Action item – Everything from the line with "thumbnail image 1" through the final line of the listing below must be retyped exactly, apart from the pictures.

Exercise data –
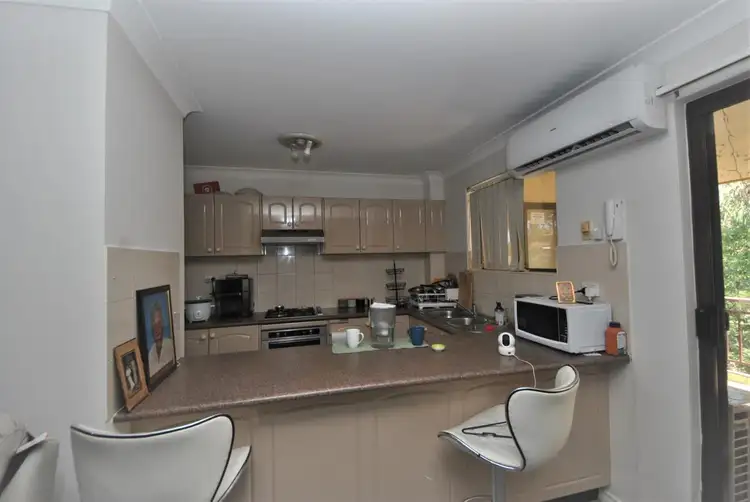 Fourth view of Homely unit listing, 29/164-168 Station Street, Wentworthville NSW 2145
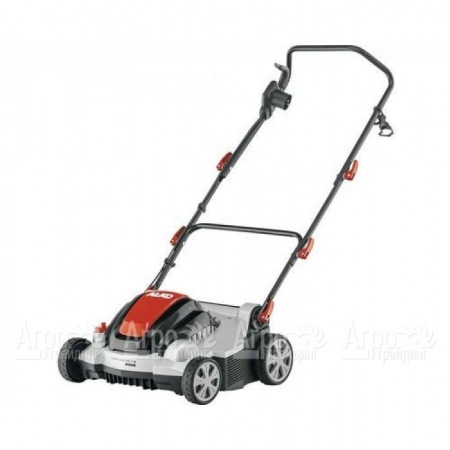 Вертикуттер электрический Al-KO Comfort 36.8 E Combi Care в Курске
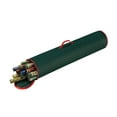 thumbnail image 1 of 40-Inch Wrapping Paper Storage Bag for Up to 25 Rolls, Green, 1 of 6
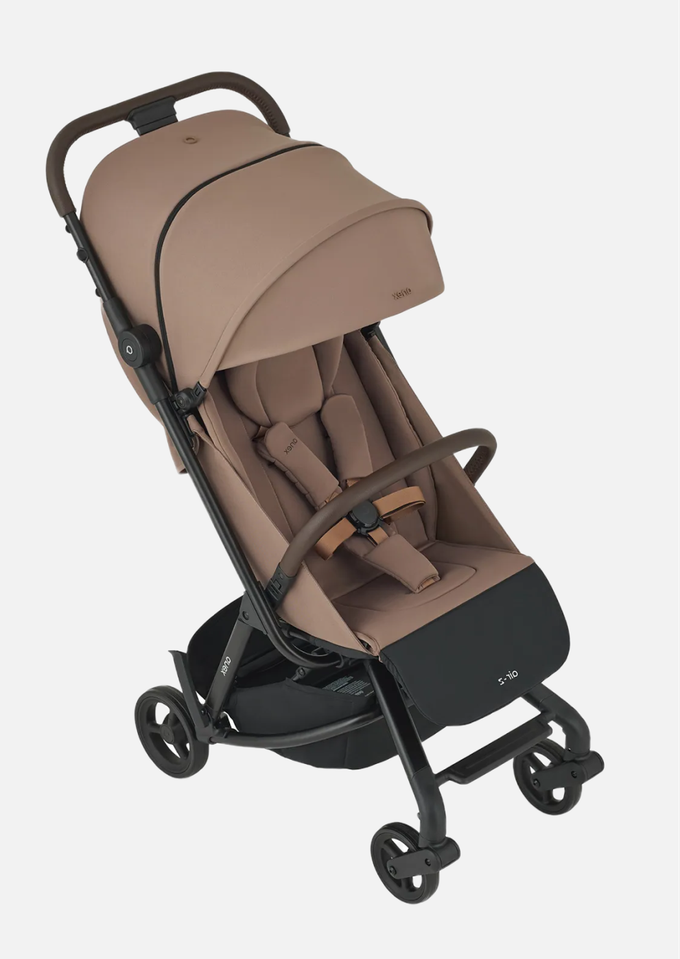 Anex Прогулочная коляска AIR-Z Plus Milo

Solution for this task –
 thumbnail image 1 of 40-Inch Wrapping Paper Storage Bag for Up to 25 Rolls, Green, 1 of 6
 Anex Прогулочная коляска AIR-Z Plus Milo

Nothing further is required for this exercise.